▸ **PROBLEM TO SOLVE**: Write out exactly the lines running from the one with "Ford Fiesta 1.4 Ambiente 5 Door 2017 full" to the end of the data, including both of those lines and excluding pictures.

(Captioned web image data)
################

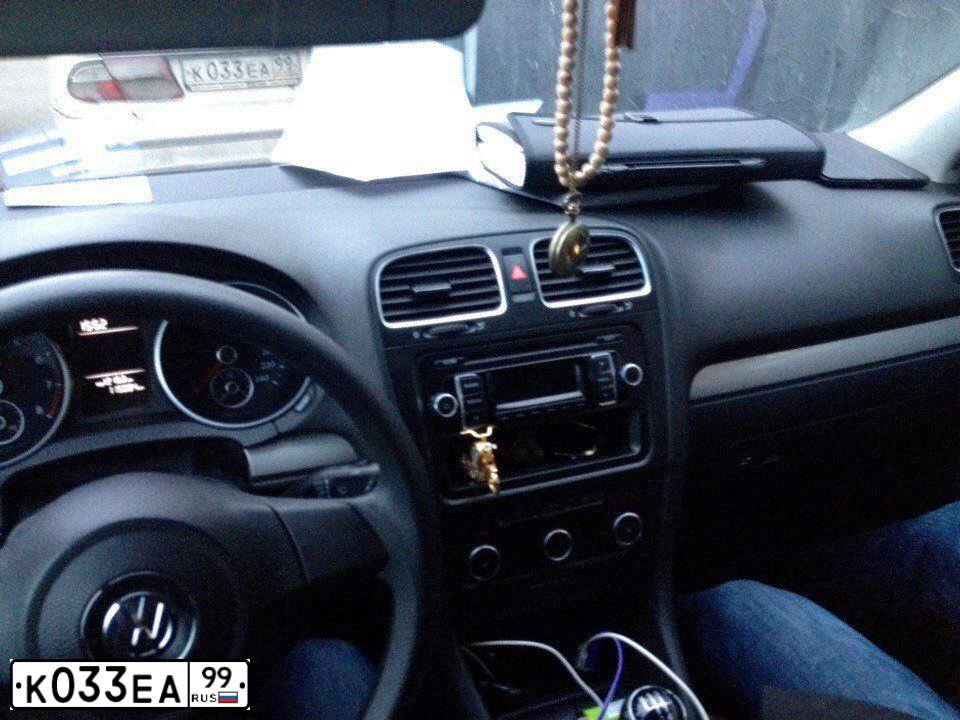 Фото автомобиля NISSAN ALMERA, 1999 — госномер К033ЕА99. Цвет: БЕЛЫЙ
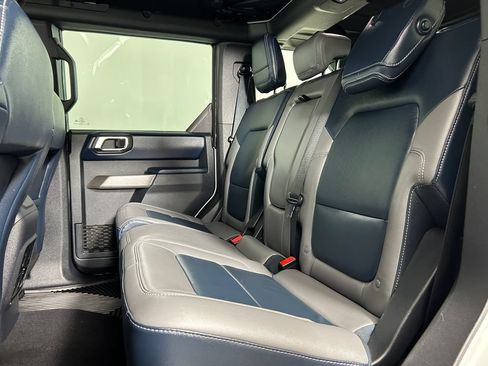 Used 2022 Ford Bronco Outer Banks w/ Sasquatch Package AWD/4WD image 26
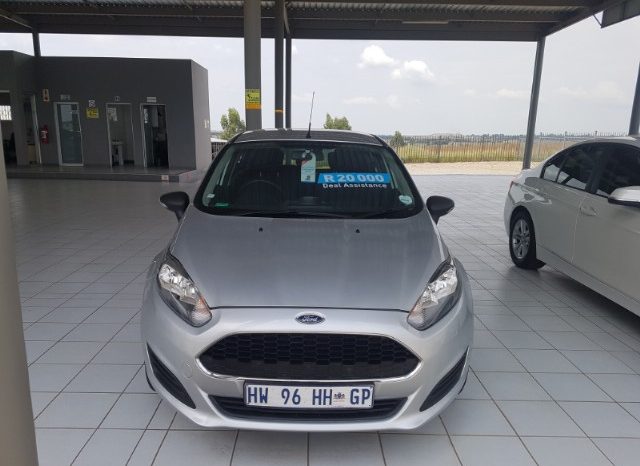 Ford Fiesta 1.4 Ambiente 5 Door 2017 full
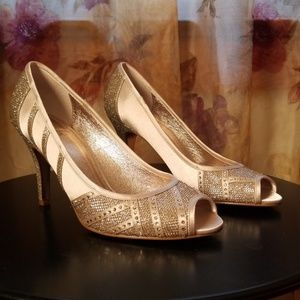 Adrianna Papell - 2.5 heel - 8.5 m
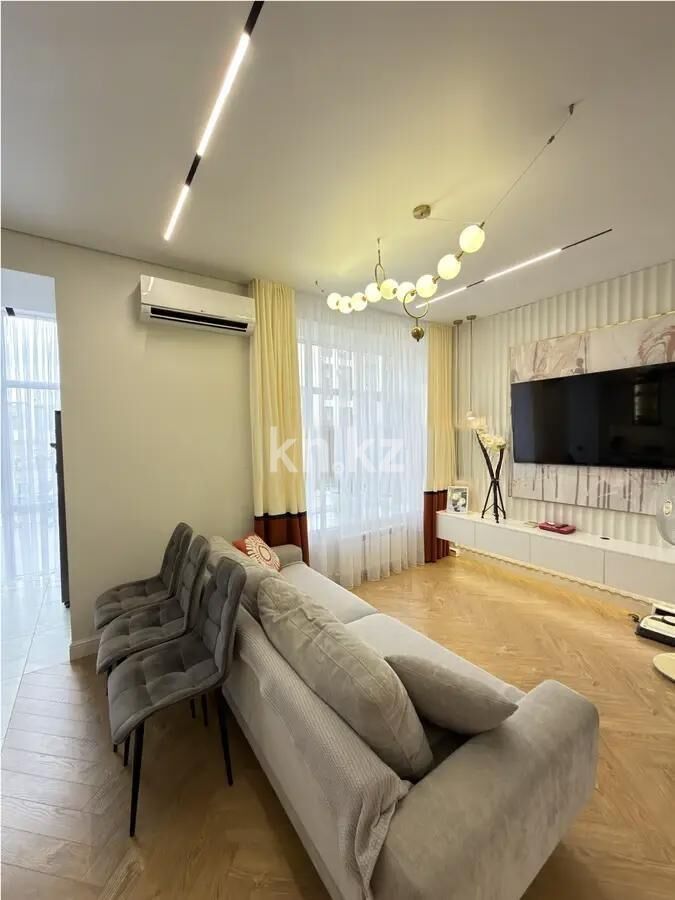 Продажа 3-комнатной квартиры, 93 м² - Продажа квартир в районе Юго-Восток в Караганде фото 1 из 7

################

▸ **TASK OUTPUT**:
 Ford Fiesta 1.4 Ambiente 5 Door 2017 full
 Adrianna Papell - 2.5 heel - 8.5 m
 Продажа 3-комнатной квартиры, 93 м² - Продажа квартир в районе Юго-Восток в Караганде фото 1 из 7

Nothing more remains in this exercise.